As I write this, a movie based on a series of young adult books about young adult vampires is on its way to having the third biggest box office opening of all time. (Um, the name of the film escapes me right now. If only they had a bigger PR budget…) The bulk of the ticket sales undoubtedly came from the books’ most avid readers; a friend of a friend—forty years old, by the by—went to see it twice on opening day, such was her fervor.
Nothing near the same readymade audience exists for a fantastically raw short story by Benjamin Percy called “Refresh, Refresh,” despite its inclusion in the Best American Short Stories and the Pushcart Prize anthologies. And, most likely, only a fraction of that audience is aware of the story’s transformation into a graphic novel from the pen of Danica Novgorodoff, the writer/artist of the underrated Slow Storm. Which is a shame, because Novgorodoff’s deferential and nuanced take on Refresh, Refresh deserves a readership as wide as the central Oregon valley in which it’s set.
Josh, Cody, and Gordon are high schoolers whose Marine reservist fathers have been in Iraq for far longer than any of them had anticipated. With tours extended and bills coming due, the boys become keenly aware of their social status, their poverty, their lack of options: “We didn’t understand the reason our fathers were fighting. We only understood that they had to fight.”
Left unsupervised—their mothers have remarried or are taking extra factory shifts to keep the lights on—they use a garden hose to form a backyard boxing ring and proceed to bloody each other after school. Unlike the empathy-starved bruisers of Fight Club, these boys don’t do it from some misrouted sense of honor or to promote anarchy. (Plus, Tyler Durden never swung a sockful of pennies.) They fight “to make each other tougher.” They fight because their fathers fight.

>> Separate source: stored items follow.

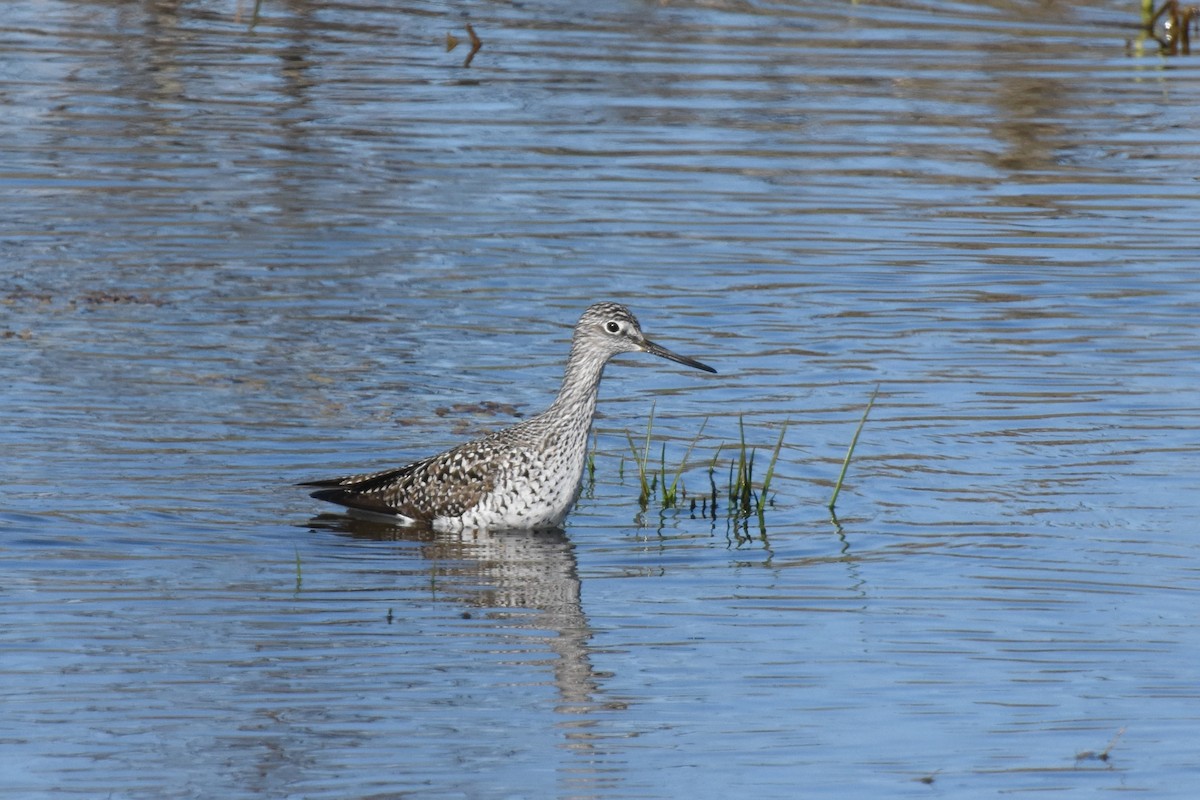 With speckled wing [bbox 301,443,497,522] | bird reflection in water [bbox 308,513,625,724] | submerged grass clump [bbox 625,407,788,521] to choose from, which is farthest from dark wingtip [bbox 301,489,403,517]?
submerged grass clump [bbox 625,407,788,521]

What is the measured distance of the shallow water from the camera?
312 inches

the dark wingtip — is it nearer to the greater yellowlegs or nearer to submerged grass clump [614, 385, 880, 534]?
the greater yellowlegs

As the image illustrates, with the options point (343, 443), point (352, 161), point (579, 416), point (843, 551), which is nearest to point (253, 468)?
point (343, 443)

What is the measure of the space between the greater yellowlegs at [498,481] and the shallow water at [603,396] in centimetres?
17

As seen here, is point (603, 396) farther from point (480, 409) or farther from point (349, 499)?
point (349, 499)

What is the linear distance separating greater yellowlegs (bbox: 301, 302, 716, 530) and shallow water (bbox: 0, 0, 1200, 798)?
0.17m

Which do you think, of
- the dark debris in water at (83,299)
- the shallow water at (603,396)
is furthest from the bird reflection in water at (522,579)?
the dark debris in water at (83,299)

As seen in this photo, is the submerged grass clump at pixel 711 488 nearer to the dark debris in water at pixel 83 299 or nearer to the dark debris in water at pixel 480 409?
the dark debris in water at pixel 480 409

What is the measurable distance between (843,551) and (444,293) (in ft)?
18.4

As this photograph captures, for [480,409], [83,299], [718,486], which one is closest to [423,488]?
[718,486]

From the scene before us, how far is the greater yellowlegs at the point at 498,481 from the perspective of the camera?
10719 millimetres

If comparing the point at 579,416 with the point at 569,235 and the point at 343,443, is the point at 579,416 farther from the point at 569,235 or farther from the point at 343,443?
the point at 569,235

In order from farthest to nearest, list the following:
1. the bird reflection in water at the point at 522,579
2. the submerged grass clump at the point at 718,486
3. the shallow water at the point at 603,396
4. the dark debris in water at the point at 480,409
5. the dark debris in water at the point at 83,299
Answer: the dark debris in water at the point at 83,299
the dark debris in water at the point at 480,409
the submerged grass clump at the point at 718,486
the bird reflection in water at the point at 522,579
the shallow water at the point at 603,396

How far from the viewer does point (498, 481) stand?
1080 centimetres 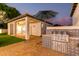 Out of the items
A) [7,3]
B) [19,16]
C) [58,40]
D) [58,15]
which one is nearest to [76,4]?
[58,15]

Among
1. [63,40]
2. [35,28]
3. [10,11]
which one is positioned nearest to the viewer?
[63,40]

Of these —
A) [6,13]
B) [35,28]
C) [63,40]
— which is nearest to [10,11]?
[6,13]

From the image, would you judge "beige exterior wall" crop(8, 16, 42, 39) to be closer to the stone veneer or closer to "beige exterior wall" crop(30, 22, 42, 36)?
"beige exterior wall" crop(30, 22, 42, 36)

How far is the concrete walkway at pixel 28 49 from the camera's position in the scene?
2908 mm

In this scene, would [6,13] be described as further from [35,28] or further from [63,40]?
[63,40]

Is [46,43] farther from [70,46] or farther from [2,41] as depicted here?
[2,41]

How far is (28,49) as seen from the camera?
2.97 metres

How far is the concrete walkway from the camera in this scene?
2908mm

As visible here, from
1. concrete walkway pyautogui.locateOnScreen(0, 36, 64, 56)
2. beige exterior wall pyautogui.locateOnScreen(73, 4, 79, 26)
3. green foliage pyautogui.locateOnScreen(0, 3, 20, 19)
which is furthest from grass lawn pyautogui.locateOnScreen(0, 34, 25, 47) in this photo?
Answer: beige exterior wall pyautogui.locateOnScreen(73, 4, 79, 26)

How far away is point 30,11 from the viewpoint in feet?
10.1

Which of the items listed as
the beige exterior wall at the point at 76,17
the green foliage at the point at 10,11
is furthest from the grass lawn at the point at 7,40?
the beige exterior wall at the point at 76,17

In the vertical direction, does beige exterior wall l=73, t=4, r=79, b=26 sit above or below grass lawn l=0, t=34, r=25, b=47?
above

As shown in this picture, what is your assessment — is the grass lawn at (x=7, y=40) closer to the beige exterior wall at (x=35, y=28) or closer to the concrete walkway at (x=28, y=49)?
the concrete walkway at (x=28, y=49)

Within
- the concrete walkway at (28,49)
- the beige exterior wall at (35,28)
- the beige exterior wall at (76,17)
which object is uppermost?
the beige exterior wall at (76,17) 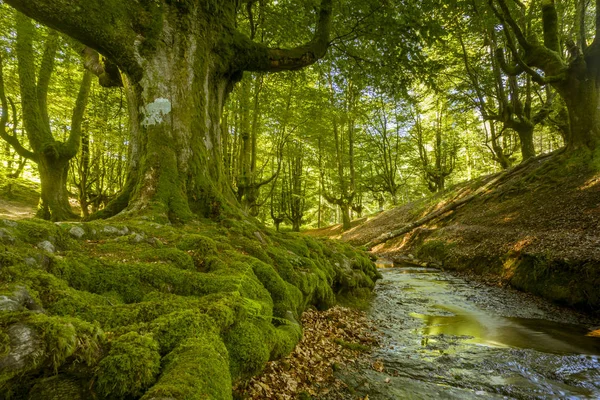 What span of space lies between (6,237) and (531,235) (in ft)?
36.9

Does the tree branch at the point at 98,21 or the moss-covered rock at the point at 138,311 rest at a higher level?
the tree branch at the point at 98,21

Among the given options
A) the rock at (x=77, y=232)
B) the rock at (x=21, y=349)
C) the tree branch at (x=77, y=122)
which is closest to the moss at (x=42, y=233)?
the rock at (x=77, y=232)

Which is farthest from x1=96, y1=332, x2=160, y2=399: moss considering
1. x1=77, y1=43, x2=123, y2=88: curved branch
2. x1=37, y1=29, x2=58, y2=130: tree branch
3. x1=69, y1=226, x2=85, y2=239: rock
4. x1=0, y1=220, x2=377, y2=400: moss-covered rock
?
x1=37, y1=29, x2=58, y2=130: tree branch

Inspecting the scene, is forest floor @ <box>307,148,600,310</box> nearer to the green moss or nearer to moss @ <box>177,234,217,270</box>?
moss @ <box>177,234,217,270</box>

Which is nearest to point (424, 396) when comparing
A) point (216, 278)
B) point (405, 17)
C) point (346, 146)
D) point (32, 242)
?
point (216, 278)

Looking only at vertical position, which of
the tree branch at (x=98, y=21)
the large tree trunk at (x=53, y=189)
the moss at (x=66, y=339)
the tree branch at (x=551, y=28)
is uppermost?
the tree branch at (x=551, y=28)

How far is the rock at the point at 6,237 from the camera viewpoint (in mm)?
2643

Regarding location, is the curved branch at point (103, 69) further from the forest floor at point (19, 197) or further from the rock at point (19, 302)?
the forest floor at point (19, 197)

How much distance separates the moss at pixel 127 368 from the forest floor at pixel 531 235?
7.92 meters

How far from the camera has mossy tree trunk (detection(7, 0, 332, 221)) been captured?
498cm

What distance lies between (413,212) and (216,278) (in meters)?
19.0

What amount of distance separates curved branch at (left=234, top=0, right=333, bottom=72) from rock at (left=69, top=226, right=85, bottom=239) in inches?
180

Refresh, Refresh thrives on character, not plot—past the absent fathers, there isn’t a sustained external conflict so much as a series of significant moments. The boys cross paths with a jockish bully and a military recruiter named Corey Lightener, who has a reputation for poaching the wives and girlfriends of deployed soldiers. (It’s also Lightener’s job to notify the families of the deceased; for whichever reason, it’s never good to see him on your doorstep.) But the novel’s power comes from how the three boys deal with absence. These boys are waiting: for their fathers, for their uncertain futures to take shape, for the sting of a right hook to affirm that they matter. They continually document their lives, filming their fights and their lonely walks through school hallways, posting heartbreaking messages through webcams; if they don’t put themselves on the record, who will? To avoid facing their post-graduation options, they spend hours in front of their computers waiting for word that their fathers are safe: “We could only cross our fingers and wish on stars and hit refresh, refresh, hoping they would return to us.”
Novgorodoff’s graphic novel is actually two steps removed from the original—she’s working from a film script by James Ponsoldt, who worked from the Percy story. The best dialogue is lifted verbatim from Percy, and occasionally Novgorodoff’s ear for boyhood speech lets her down. (These boys wouldn’t say “darn” and “sissy” when “damn” and “pussy” are available.) But she is a gifted visual storyteller who knows how to let silence do the talking: There are beautiful pages that pass without words, pine trees like stoic sentries behind empty houses, the town haunted by unsold cases of Coors and commercial planes overhead, flying toward somewhere more important. As the story builds momentum, it stockpiles an unnerving stillness, and abandonment becomes an almost tangible fact of these boys’ lives. Much credit must also go to colorist Hilary Sycamore for her lush Oregon greens, stark winter whites, and the unique color palettes for each character.
Novgorodoff renders the boys themselves sparsely, their faces wild with angst. She has a wonderful eye for body language—she nails the awkward gestures and restlessness that come with being teenaged and male, the urge for freedom that makes young bodies seem at once restrictive and indestructible. The lettering, a glossy afterthought in too many comics, suggests the speech of people unformed, in pain, wise but afraid of the world. Even the physical dimensions of the book seem well considered—it’s the size of a literary paperback, scaled down from a standard comic book as if to make the story more intimate.
The ultimate irony is that while solitude stunts the boys’ growth, it also gives them the wherewithal to become men. They move about their town with impunity, hitting up the local bars despite being years too young—the bars need the business, with the grown men all fighting abroad—and recklessly entangling themselves in matters of sex and violent revenge. “Just act like a man and you’ll get treated like one,” Cody says.
With this freedom, of course, comes understanding. Josh dreams of a bleak, featureless, yet unmistakable terror in Iraq, drawn by Novgorodoff in a stunning black-and-white watercolor sequence. It illustrates how much and how little these three understand about what the future holds for them.
If some readers find the beautiful playthings of Twilight: New Moon more easily digestible than these hardscrabble teenagers of the Pacific Northwest, I suppose I understand. We don’t like to put faces to the names of dead soldiers, much less consider the fallout their absence has on the people who wait for them, always, to come home. But I’m thankful Novgorodoff is asking the messy questions, even if the answers make us hurt.